Serialism and Minimalism

These were particularly influential innovations in 20th Century music.

Serialism

  • Schöenberg was the founder of serialism, a 12-note system that replaced tonality.
  • The composer first arranges the 12 notes of the chromatic scale in any order of his or her choice. This becomes the note-row.
  • All 12 notes are of equal importance and they should appear in the order of the note-row, although they can be repeated.
  • As well as using the note-row in its original form, it may be used backwards (retrograde), upside down (inversion), or both backwards and upside down (retrograde inversion).
  • Each of these can be transposed to begin on any note of the chromatic scale.

Playing the clips will help you to follow these changes.

Original

Retrograde

Inversion

Retrograde Inversion

  • Schöenberg's pupils Berg and Webern also took up serialism.
  • Berg was much freer in his approach and often brought in extra material not drawn form the series.
  • Webern was much stricter in his use of serialism.

Minimalism

  • This kind of music uses repeated ostinati.
  • Small changes in musical phrase are introduced one by one.
  • This may include phase shifting in which parts gradually move out of sync with each other.
  • The music has a hypnotic quality.
  • Music technology may be employed.
  • Philip Glass and Steve Reich are prominent minimalist composers.
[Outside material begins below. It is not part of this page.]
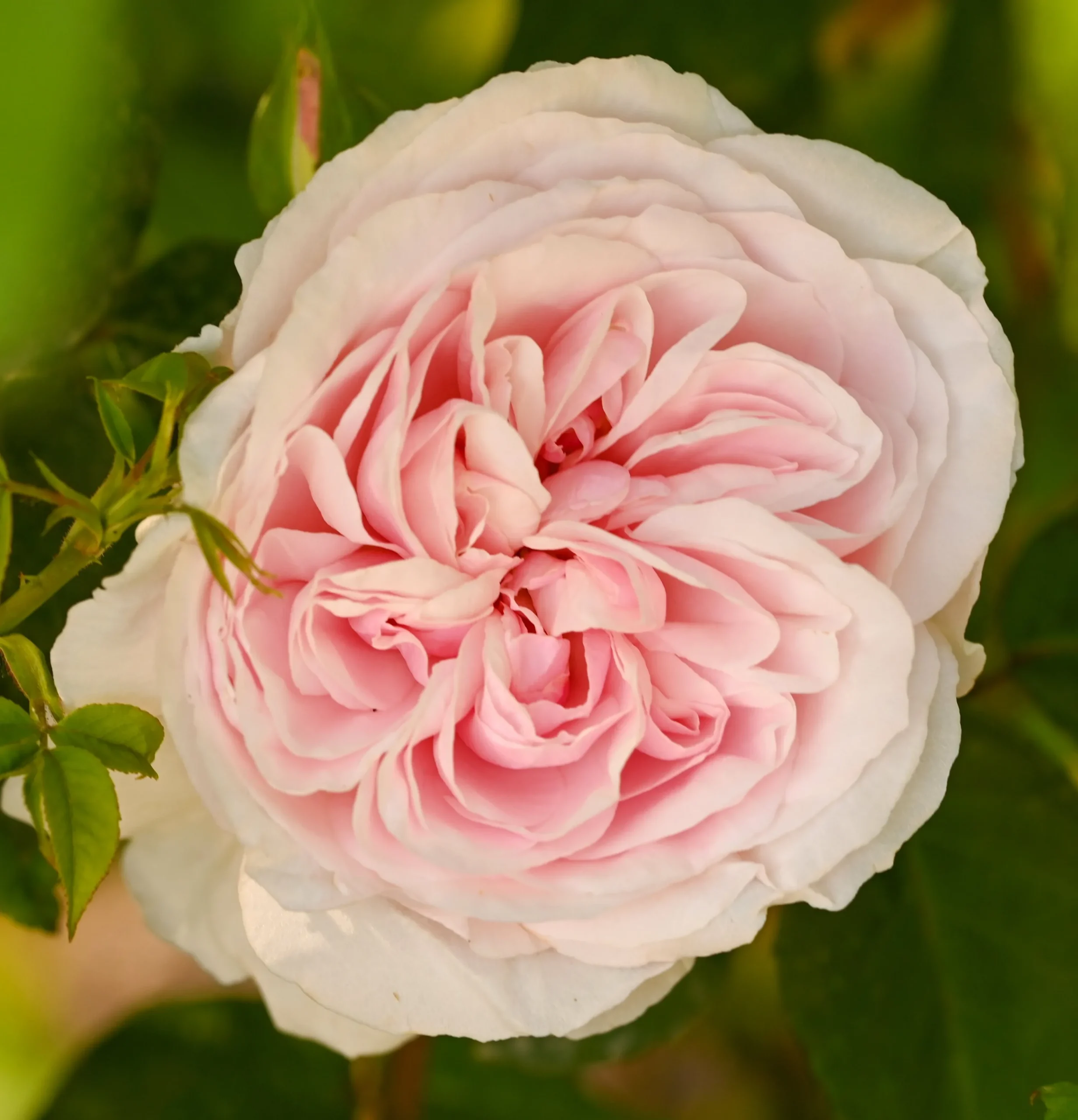 Buskros 'Souvenir de la Malmasion' Barrotad>Omnia garden New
Listen to these two examples of minimalist music by Steve Reich:

Listen

Reich: Clapping music (Real Audio clip)

Listen

Reich: Electric counterpoint (Real Audio clip)

Jazz and folk influences

Popular traditions had a big impact on 20th century art music.

Jazz influences

Several ingredients in general 20th century music can be traced back to the influence of American Jazz:

  • fresh vitality in rhythm, relying on syncopation
  • syncopated melodies above a steady beat
  • blues notes - flattening certain notes of the scale such as the 3rd or 7th
  • muted brass effects
  • a keener interest in percussive sounds
  • instruments playing in shrill registers
  • improvisatory elements – even resulting in aleatoric music where improvisation and performance choice is at the core of the composition

Ravel, Milhaud, Gershwin, Kurt Weill, Stravinsky, Walton and Copland are amongst composers who have used jazz elements in their works

Examples: 'Ragtime for eleven instruments' by Stravinksky; 'Piano Concerto' by Gershwin.

Folk influences

  • During the first half of the 20th century, nationalism had a large influence on the music.
  • Many composers studied folk songs and used folk melodies in their compositions. Examples are Britten, Copland, and Williams.

Soviet composers

Three of the great 20th century composers were from the Soviet Union (now Russia).

Sergey Prokofiev

  • He studied at St. Petersburg Conservatory in 1904.
  • After the Revolution he was given permission to travel abroad.
  • When he returned to Russia he found himself out of favour with the authorities and in 1948 the subject of particular and direct censure.
  • He died in 1953, on the same day as Stalin, and so could not enjoy the subsequent relaxation in musical censorship.
  • His most famous piece is probably 'Peter and the Wolf'.

Dmitry Shostakovich

  • Like many Soviet composers of his generation, he tried to reconcile the musical revolutions of his time with the urge to give a voice to revolutionary socialism.
  • His career varied with the political climate in Russia.
  • His opera 'Lady Macbeth' was condemned by Stalin.
  • His 'Ninth Symphony' brought criticism from officials who thought it too frivolous.
  • After Stalin's death he had more freedom to compose.

Igor Stravinsky

  • He studied music with Rimsky-Korsakov in Russia.
  • After the Russian Revolution of 1917 he moved to Western Europe, and then to the USA in 1939.
  • In the post-war years he turned from a style of eclectic neo-classicism to composing in the twelve-note technique invented by Schöenberg.
  • His most famous work was probably 'The Rite of Spring', containing representations of prehistoric pagan Russian rituals and sacrifice.